Ele também não encosta no seu texto. Mede o que você já escreveu e informa números sobre isso. Não gera, não amplia, não encurta e não reescreve frase alguma, porque decidir o que fica e o que sai exige saber para que serve o texto — e a isso um contador não tem acesso.

Como instrumento, é bom: rápido, privado, consistente e honesto quanto à própria regra. Como oráculo, é uma forma de errar três por cento com muita confiança justamente no dia que importa.

Perguntas frequentes

Qual contagem de palavras é a certa?

A de quem — ou do que — aplica o limite. Se o sistema de envio informa um número, aquele é o número certo para aquele envio. Se uma pessoa corrige seguindo um enunciado, o enunciado define. Onde não há limite sendo aplicado, nenhuma contagem é mais correta que outra: elas respondem perguntas ligeiramente diferentes, e qualquer uma serve para acompanhar o seu progresso.

Por que meu editor de texto mostra um número diferente do desta página?

Quase sempre por um de dois motivos. Ou ele separa as palavras com hífen que aqui ficam inteiras, ou está incluindo algo que você não colou: uma nota, um cabeçalho, uma legenda, texto dentro de uma caixa. Para testar, conte uma seleção no editor e cole exatamente essa seleção aqui. Se os números passarem a bater, a diferença era de escopo. Se continuarem diferentes, são os hifens.

Qual a diferença real que o hífen faz?

Uma palavra por hífen, o que parece desprezível até você contar quantos hifens existem no texto. Escrita técnica e acadêmica costuma ter vários a cada cem palavras. Num artigo de 5.000 palavras com 150 termos hifenizados, as duas regras ficam a 150 palavras de distância.

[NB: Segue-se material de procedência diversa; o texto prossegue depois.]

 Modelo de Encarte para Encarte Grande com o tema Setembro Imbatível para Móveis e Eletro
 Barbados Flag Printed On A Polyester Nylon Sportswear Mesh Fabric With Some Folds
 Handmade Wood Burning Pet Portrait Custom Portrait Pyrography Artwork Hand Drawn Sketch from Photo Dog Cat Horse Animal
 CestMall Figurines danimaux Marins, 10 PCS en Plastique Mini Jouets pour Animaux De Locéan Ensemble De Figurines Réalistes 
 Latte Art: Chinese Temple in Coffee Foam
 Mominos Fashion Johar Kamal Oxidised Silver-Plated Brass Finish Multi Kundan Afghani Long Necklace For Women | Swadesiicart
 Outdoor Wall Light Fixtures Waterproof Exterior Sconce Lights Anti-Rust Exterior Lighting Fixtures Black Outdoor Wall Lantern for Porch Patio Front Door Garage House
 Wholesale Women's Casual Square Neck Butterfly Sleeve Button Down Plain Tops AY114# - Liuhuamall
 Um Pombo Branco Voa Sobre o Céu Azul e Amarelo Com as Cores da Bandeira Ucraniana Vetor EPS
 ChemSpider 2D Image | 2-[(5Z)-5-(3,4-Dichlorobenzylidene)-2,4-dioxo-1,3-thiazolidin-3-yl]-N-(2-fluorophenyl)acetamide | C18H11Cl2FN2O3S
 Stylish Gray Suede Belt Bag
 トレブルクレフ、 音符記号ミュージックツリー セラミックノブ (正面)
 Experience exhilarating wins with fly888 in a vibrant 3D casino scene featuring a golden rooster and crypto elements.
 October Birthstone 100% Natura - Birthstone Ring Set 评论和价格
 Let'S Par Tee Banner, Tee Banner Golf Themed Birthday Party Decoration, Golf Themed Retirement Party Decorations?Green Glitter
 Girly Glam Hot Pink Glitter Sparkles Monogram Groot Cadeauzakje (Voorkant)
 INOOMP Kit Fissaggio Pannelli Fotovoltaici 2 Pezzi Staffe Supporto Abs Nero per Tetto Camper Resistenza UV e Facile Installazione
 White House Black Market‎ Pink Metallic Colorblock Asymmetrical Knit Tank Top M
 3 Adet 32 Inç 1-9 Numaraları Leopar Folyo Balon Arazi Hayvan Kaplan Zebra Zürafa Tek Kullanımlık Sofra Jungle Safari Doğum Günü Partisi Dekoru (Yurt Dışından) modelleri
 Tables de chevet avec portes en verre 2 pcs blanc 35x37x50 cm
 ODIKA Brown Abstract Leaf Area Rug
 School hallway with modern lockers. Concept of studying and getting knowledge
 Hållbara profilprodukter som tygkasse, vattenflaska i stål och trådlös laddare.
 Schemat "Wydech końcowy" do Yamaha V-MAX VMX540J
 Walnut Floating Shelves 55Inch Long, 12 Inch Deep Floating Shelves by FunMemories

São três por cento — o bastante para estourar um teto que você achava vencido.

Um link conta como uma palavra só?

Aqui sim, por mais longo que seja. Em outras ferramentas pode virar quatro, cinco ou seis, porque pontos e barras viram separadores. É a maior divergência isolada entre contadores, então um documento com links impressos no corpo do texto, em vez de reunidos nas referências, é o que produz a maior variação de números.

Notas de rodapé e referências entram no limite de palavras?

Quem decide é o enunciado do trabalho, não o contador. As duas práticas são comuns: há cursos que excluem a lista de referências e contam as notas, outros que excluem as duas coisas, e alguns que contam tudo. Se o enunciado não diz, pergunte antes de escrever — a resposta pode deslocar sua meta em centenas de palavras. Existe um guia separado aqui sobre o que entra no limite de um trabalho.

A contagem mudou depois que passei o texto de um aplicativo para outro. Por quê?

Colar traz caracteres invisíveis junto. Um espaço não separável no lugar de um espaço comum, um hífen de sílaba inserido pela justificação, ou uma quebra de linha parada no meio de uma palavra porque o texto veio de uma coluna de PDF. Uma quebra de linha no meio de "abran-gente" transforma uma palavra em duas, sob qualquer regra e em qualquer ferramenta.

Uma ferramenta está com defeito se a contagem dela é diferente?

Normalmente não. Diferente é normal; inexplicado é o sinal de alerta. Uma ferramenta que declara a regra e devolve sempre o mesmo número para o mesmo texto está funcionando, mesmo quando o número não é o que você queria. Uma ferramenta que dá duas contagens diferentes para um texto que você não mudou tem um defeito de verdade.

Devo usar o mesmo contador do começo ao fim do trabalho?

Sim, para acompanhar. A consistência importa mais do que a regra escolhida, porque no dia a dia você observa a variação, não o valor absoluto. Troque só no final, para conferir contra aquilo que de fato vai aplicar o limite.